Désirer le bonheur de tous est un sentiment très noble. Le problème, c’est qu’à ce jour, les « humains » sont profondément divisés. L’immense majorité de la population mondiale est exploitée et opprimée pour assurer le « développement durable » d’une minorité de parasites capitalistes. Et à défaut d’un programme sérieux pour éradiquer la source de cette oppression –  le système capitaliste –, l’expression de sentiments nobles n’y changera rien. Or, justement, le défaut majeur du texte d’orientation du 49e Congrès de la CGT, c’est que les quelques objectifs présentés ne trouvent aucune expression concrète en matière d’action militante, de programme ou de stratégie.

Cette carence ne doit rien au hasard. Elle découle directement du fait que les instances confédérales de la CGT ont renoncé à la lutte contre le système capitaliste. Leur adaptation de plus en plus flagrante aux « réalités » du capitalisme a réduit leurs objectifs à la promotion de divers concepts et recommandations qui visent à atténuer la régression sociale. Par exemple, il est dit qu’il faudrait une « juste répartition des richesses ». Pour y parvenir, une « profonde réforme de la fiscalité » est recommandée. Evidemment, nous serions favorables à une politique fiscale qui, à l’inverse de celle de Sarkozy, viserait à imposer davantage les riches et à alléger la charge fiscale qui pèse sur les foyers modestes. Mais si par « juste répartition », on entend un rapprochement majeur entre le niveau de vie des capitalistes et celui de la masse de la population, disons d’emblée que c’est tout simplement impossible, sous le capitalisme. Prétendre le contraire, c’est faire abstraction du mode de fonctionnement du capitalisme.

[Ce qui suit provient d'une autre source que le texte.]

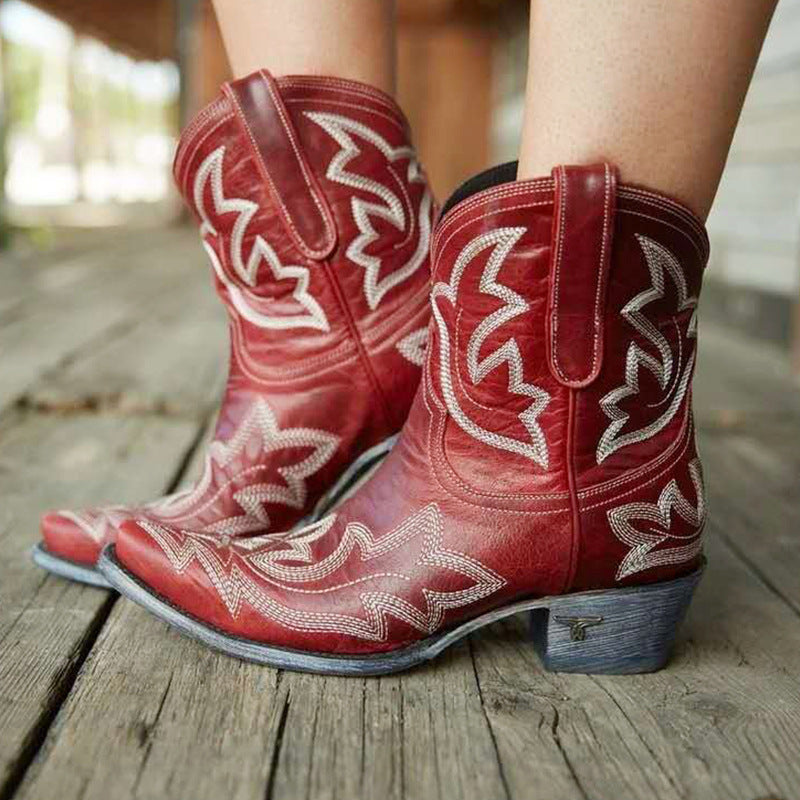 Botas camperas cortas bordadas con tacón ancho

L’amputation d’une portion importante des revenus des riches serait une mesure progressiste, dans certaines limites. Mais les conséquences qui en découleraient ne doivent pas être perdues de vue. Qu’il s’agisse de l’imposition des bénéfices des entreprises, ou des opérations spéculatives, des valeurs immobilières, etc., une réforme fiscale d’une ampleur susceptible de nous amener vers une « juste répartition des revenus » se traduirait inévitablement par une diminution correspondante de la rentabilité du capital. Or, sous le capitalisme, c’est la course aux profits qui constitue le moteur central des investissements et de l’activité économique en général. Le résultat immédiat n’en serait pas la « relance économique » souhaitée par la direction confédérale, mais au contraire une accélération du déclin économique. Les capitalistes sont en train de détruire l’industrie. Ils ont le pouvoir de le faire parce que, comme propriétaires des entreprises, ils décident des investissements qui sont à faire ou à ne pas faire, les usines qui sont à fermer ou à délocaliser, et ce en fonction de la seule chose qui les intéresse : le profit. Si tel est le cas, aujourd’hui, alors que les réformes fiscales menées par le gouvernement leur sont favorables, qu’en serait-il dans le cas d’une baisse drastique de la rentabilité de leur capital ?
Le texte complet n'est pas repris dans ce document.